── Records supplied ──
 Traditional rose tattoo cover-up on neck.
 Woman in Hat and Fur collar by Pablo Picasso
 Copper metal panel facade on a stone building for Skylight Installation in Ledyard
───
── Records supplied ──
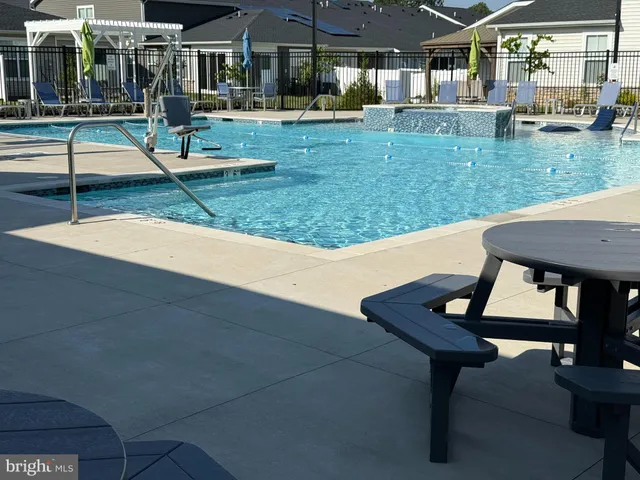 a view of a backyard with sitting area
───
── Records supplied ──
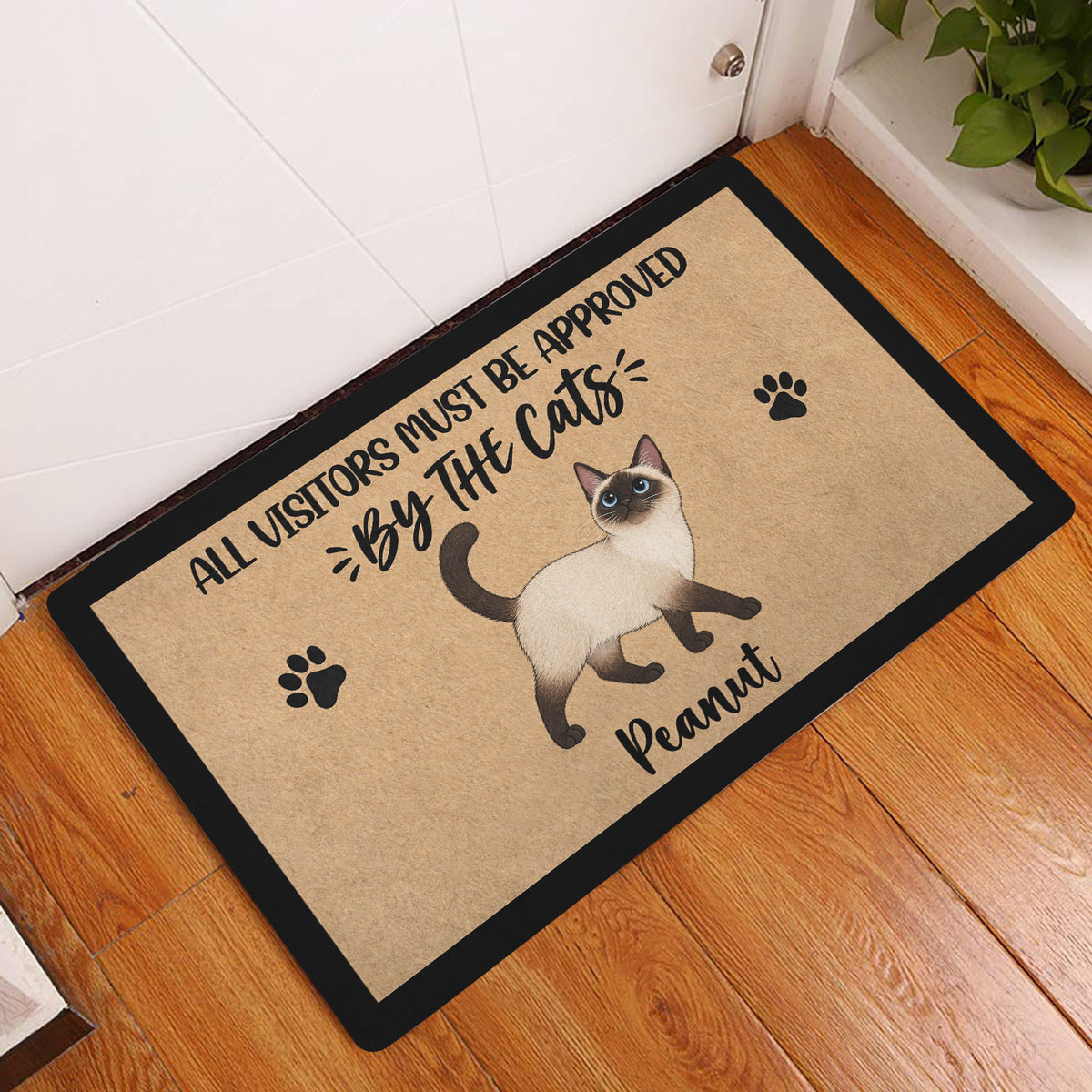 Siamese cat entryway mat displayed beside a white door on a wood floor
───
Prompt => Find the line with "Woman in Hat and Fur collar by Pablo Picasso" in the entries above. Retype it and each line after it, exactly, through the line with "Copper metal panel", and stop there.

Result =>
 Woman in Hat and Fur collar by Pablo Picasso
 Copper metal panel facade on a stone building for Skylight Installation in Ledyard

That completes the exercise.